The Catholic News Hub links to the Diocese of Bridgeport’s piece on the USCCB reviewer whom many Catholics felt was not foam-mouthed enough about that movie.
Forbes is right on many points, including one: many of his attackers did not read his review. As for the supposed tanking of that movie at the box office, Gregg Kilday, of The Hollywood Reporter had a few thoughts:
And while the movie has been treated as a potential franchise, a la Lord of the Rings, in some ways, it was never fated to be like that. The Pullman trilogy isn’t as well known, and this is a fantasy built around a young girl.
… in reaching out to younger females, it obviously ran up against Enchanted.
Interesting. Hollywood seems to be conceding that backlash from religious groups contributed somewhat to a box office performance about 30 to 40 percent under expectations. It’s also interesting that one Hollywood insider thinks there’s a limited market for more than one female-driven fantasy at a time.

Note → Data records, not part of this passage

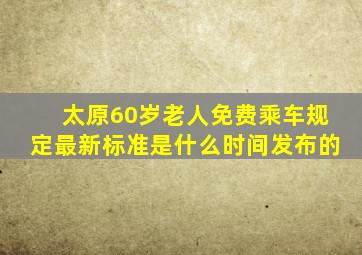 太原60岁老人免费乘车规定最新标准是什么时间发布的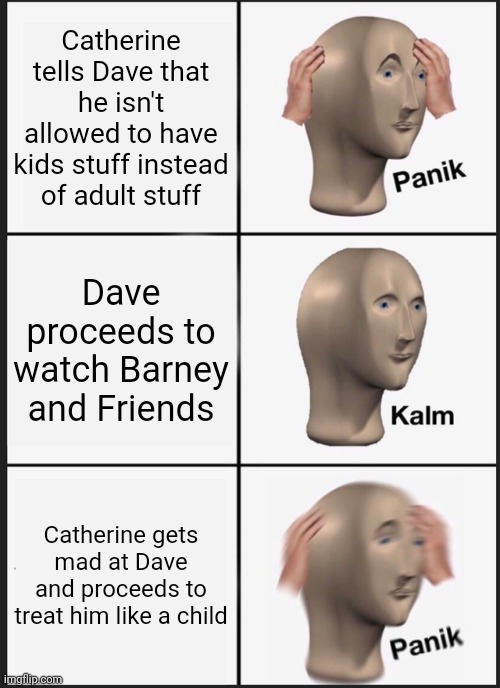 Goanimate Childish Dad videos in a nutshell | Catherine tells Dave that he isn't allowed to have kids stuff instead of adult stuff; Dave proceeds to watch Barney and Friends; Catherine gets mad at Dave and proceeds to treat him like a child | image tagged in memes,panik kalm panik,vyond,childish,dad | made w/ Imgflip meme maker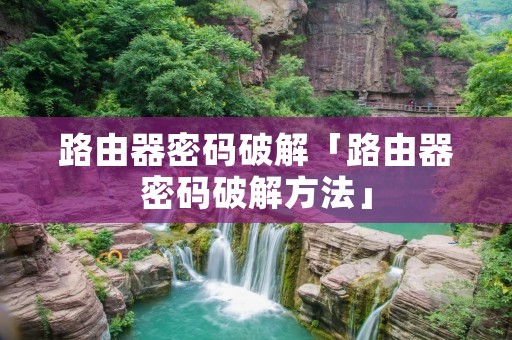 路由器密码破解「路由器密码破解方法」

I read one opinion that attached opposition to that movie to strong women characters–religious people don’t like that, the thought goes.
More likely, it’s a failure of imagination. If more excellent movies were out there, people would go to them. If Hollywood thinks geeky guys don’t want to see beautiful and strong women in film, and young girls have limited budgets for moviegoing, I don’t have anything constructive to say to them. Hollywood doesn’t have a clue with sf and fantasy. Lots of good stuff was made in spite of studio execs. Lots of studio execs stumbled into good stories paired with good filmmakers. And often when they get them together, greed and ego still get in the way.